We were able to develop a single extraction and quantitation method for a suite of neonicotinoids that are commonly used as seed treatments for corn and soybean (clothianidin, imidacloprid, and thiamethoxam) and two imidacloprid metabolites (5-OH-imidacloprid and imidacloprid olefin) in a pollinator-relevant matrix. Analysis of leaf tissue and pollen is essential to allow for reasonable estimates of exposure for monarch larvae and bees. Since collection of these samples is resource intensive, it is critical to develop efficient and accurate extraction and quantification methods. Currently, sample preparation in combination with LC-MS/MS for neonicotinoid quantification in plant tissue and pollen has been limited to more intensive extraction methods with high-mass samples and longer LC-MS/MS runs [14,16,17,18,19,22,23,30]. To address these limitations, we developed a single extraction and analytical method for multiple neonicotinoids from milkweed leaf tissue and pollen.
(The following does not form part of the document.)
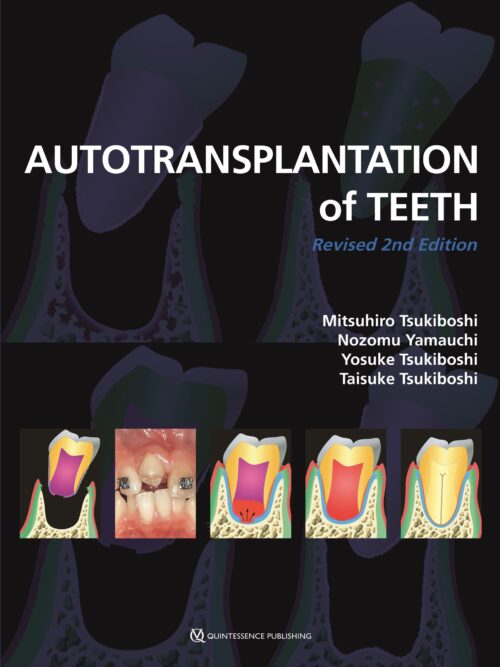 Autotransplantation of Teeth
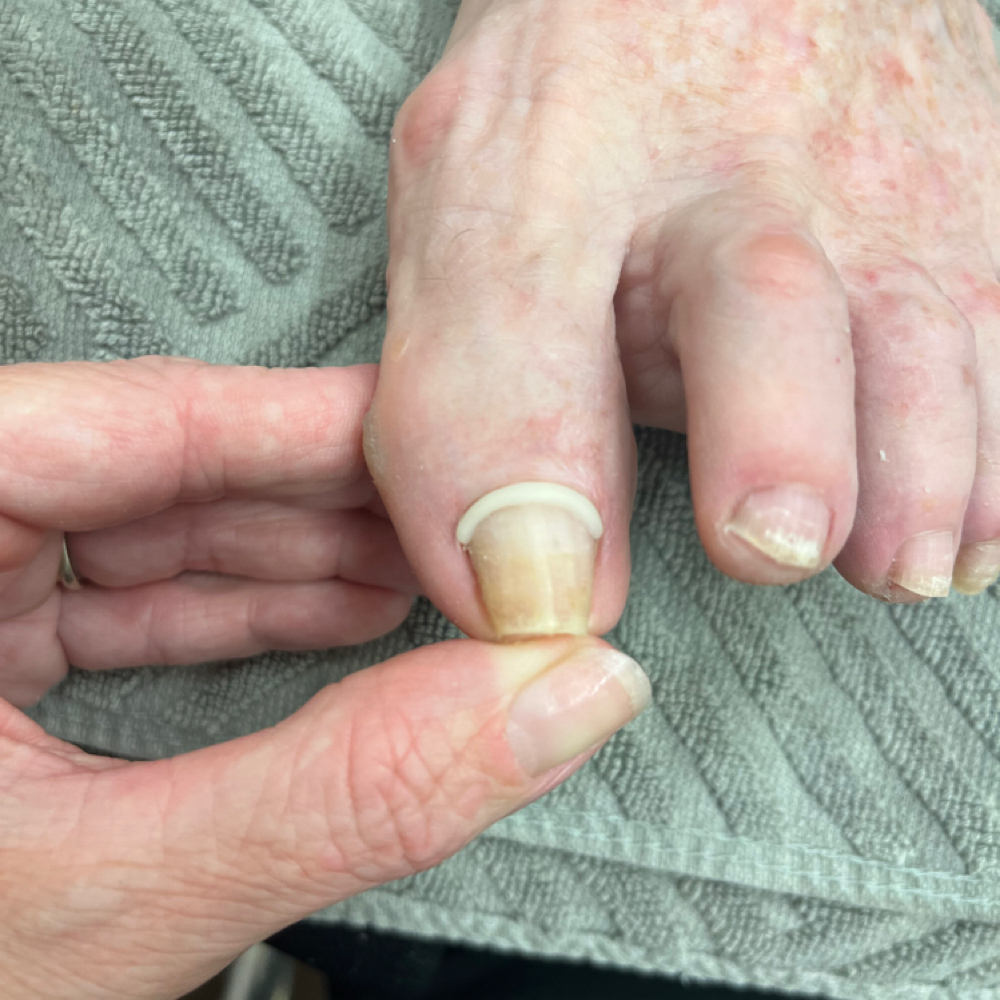 Signature Onyfix® Correction Band at Hand Crafted Nails in Coeur D Alene, ID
Our method’s performance is comparable to, and in some cases superior to, existing methods. The method will support more cost-effective monitoring studies that improve understanding of the spatiotemporal variation of these compounds within agro-ecostyems. The method we report could be evaluated and adapted as needed to support the quantification of multiple neonicotinoid concentrations in animal tissues and other environmental matrices relevant to human health, aquatic life, and wildlife risk assessments.